BOZEMAN – Big Sky Country is a place where you can see all four seasons in a day, especially in the spring. This forces drivers to become experts on the road.
Road and weather conditions in the month of April can change and will – mile by mile and minute by minute.
“When you get up in the mountain passes along Bozeman Pass temperatures are going to be varying drastically. 10 to 15 degrees colder up there than it’s going to be down here,” Montana Highway Patrol Trooper Tyler Brant said. “The weather can also sometimes sit up on the passes rather than here in the Valley where it can move pretty quickly.”
It’s not uncommon that we have to deal with four different types of precipitation which include rain, freezing rain, sleet and snow.

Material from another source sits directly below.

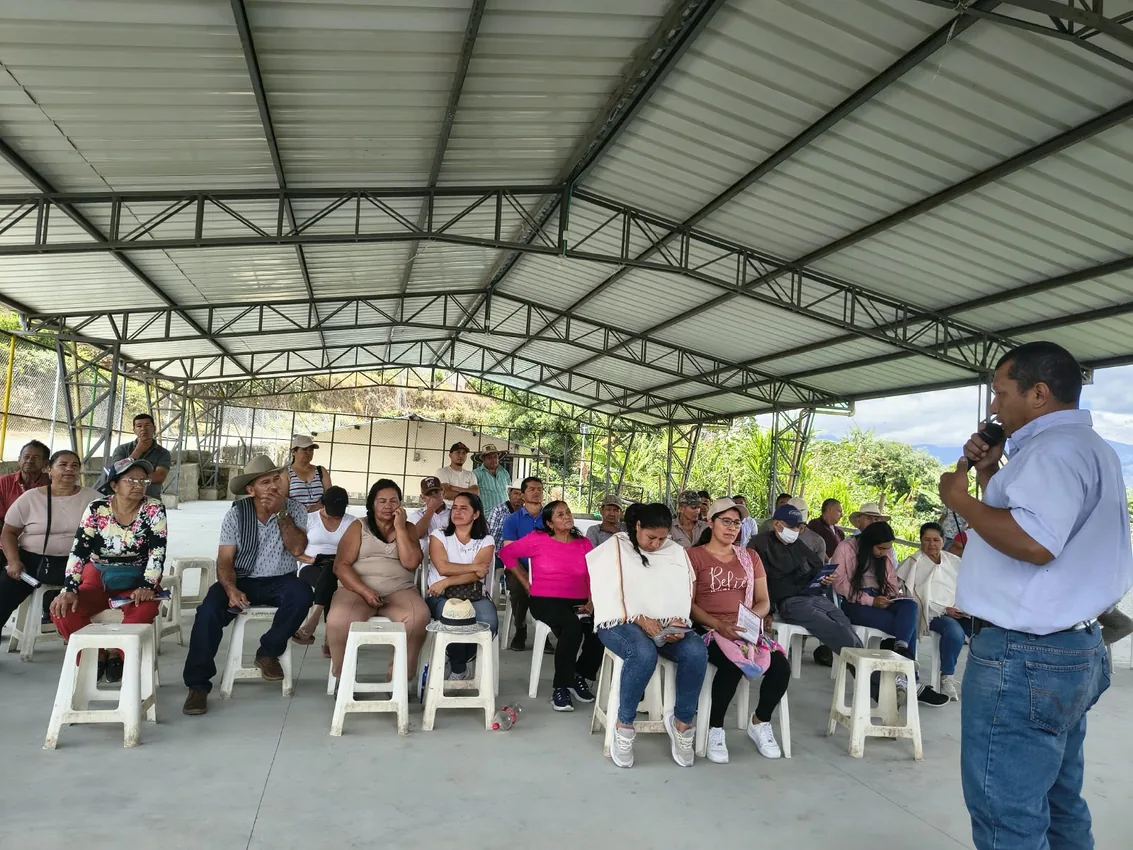 Encuentro con caficultores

Precipitation commonly starts as snow and ice well above our heads, then melts as it passes through a warm layer on its way down to the surface, a subfreezing layer at the ground makes the raindrop freeze on contact making it freezing rain, when the subfreezing layer is deeper the drop can refreeze on the way down forming sleet, if the air is below freezing all the way down to the ground we get snow.

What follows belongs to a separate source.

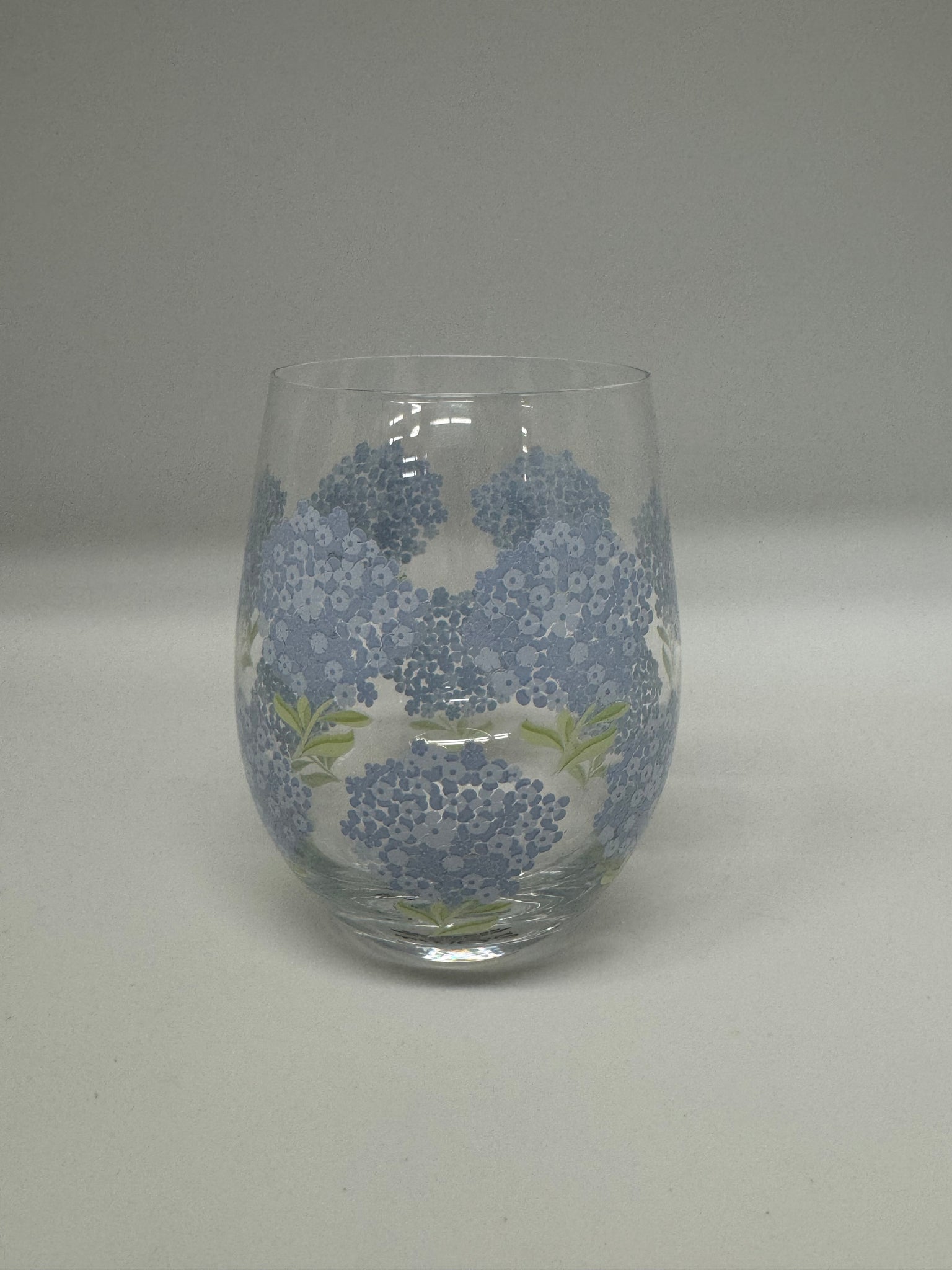 Hydrangea Wine Glass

“That temperature threshold between 28 and 30 degrees is what we typically see when we start to see the water start to freeze on the roadways,” Trooper Brant said. “So it can kind of sneak up on folks, so it can be indicative of what we see as black ice really.
“The best way to be avoiding that is whenever you see those temperatures coming down to those areas or even if you’re driving in an area In the higher mountain passes in shaded corners is to be very prepared for the unexpected especially with that surface being slick and icy rather than the wet conditions that you may be seeing early in the drive.”